• Work to be completed:
Word for word, restate the lines of the data below between those holding "3 wire ring with silver accents" and "OLRIK Womens 2025", inclusive; pictures do not belong in the copy.

• Data for review:
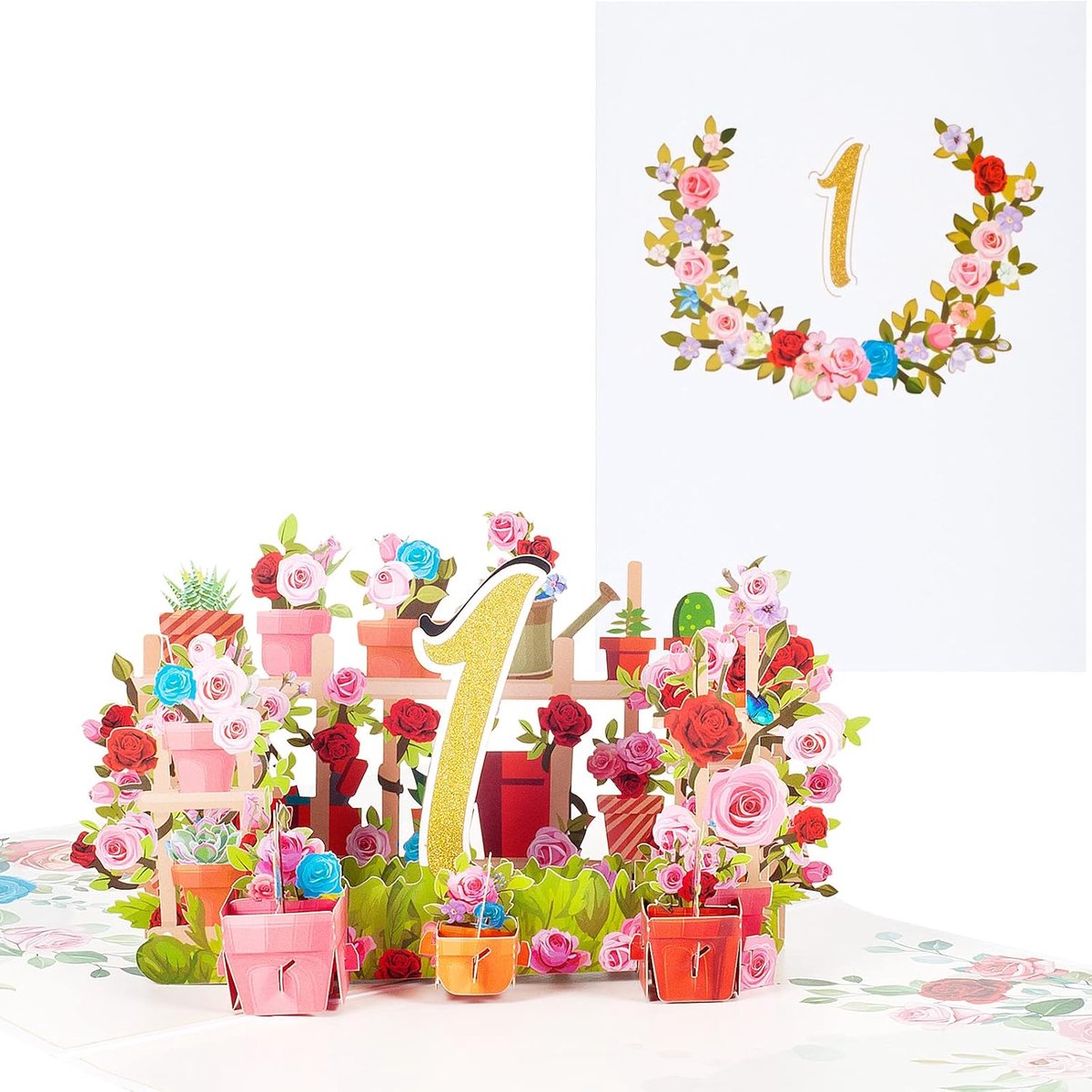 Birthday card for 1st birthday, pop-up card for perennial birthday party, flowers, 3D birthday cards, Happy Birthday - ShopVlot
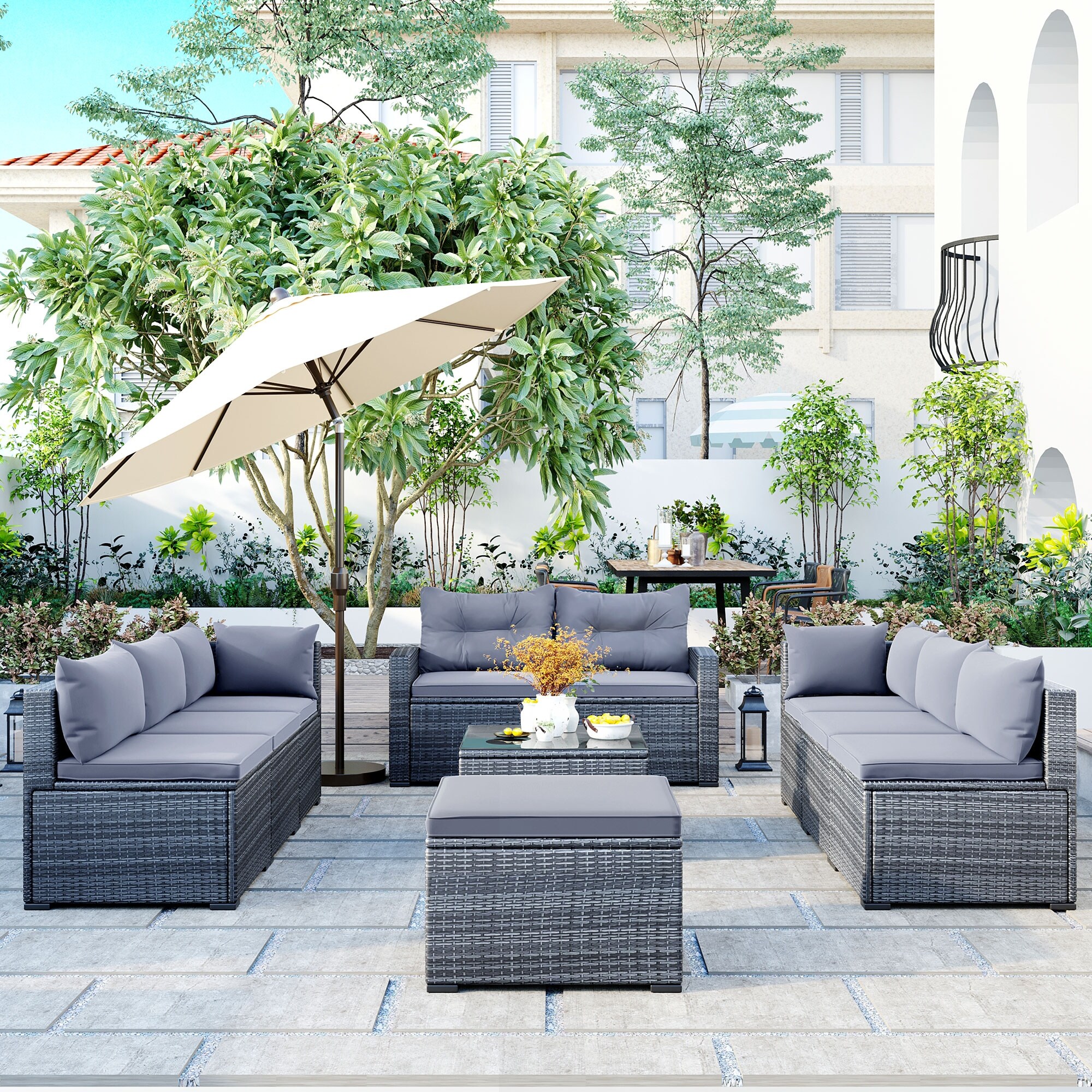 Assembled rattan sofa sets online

---

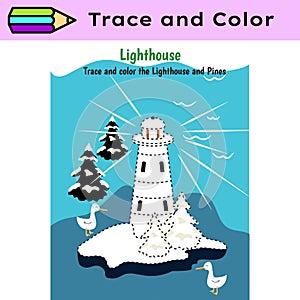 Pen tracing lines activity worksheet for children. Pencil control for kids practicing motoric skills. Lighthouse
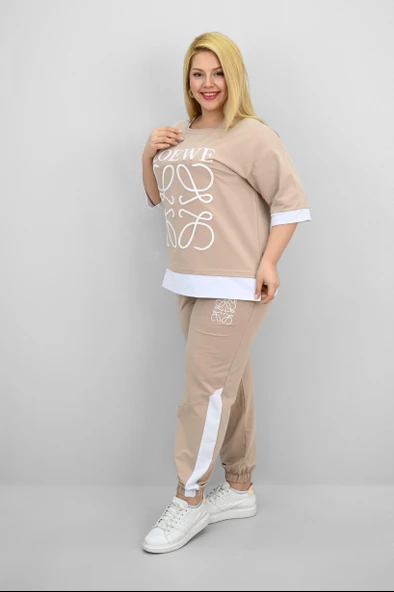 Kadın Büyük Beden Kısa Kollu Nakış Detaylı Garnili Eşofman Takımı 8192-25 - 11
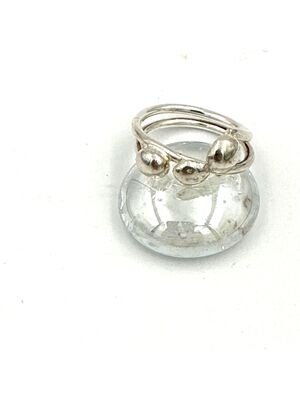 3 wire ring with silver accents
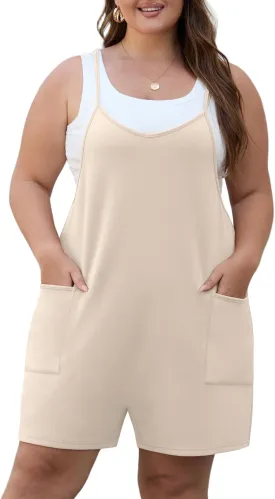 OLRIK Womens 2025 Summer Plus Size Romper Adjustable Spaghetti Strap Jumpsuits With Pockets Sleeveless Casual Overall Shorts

• Solution for this task:
 3 wire ring with silver accents
 OLRIK Womens 2025 Summer Plus Size Romper Adjustable Spaghetti Strap Jumpsuits With Pockets Sleeveless Casual Overall Shorts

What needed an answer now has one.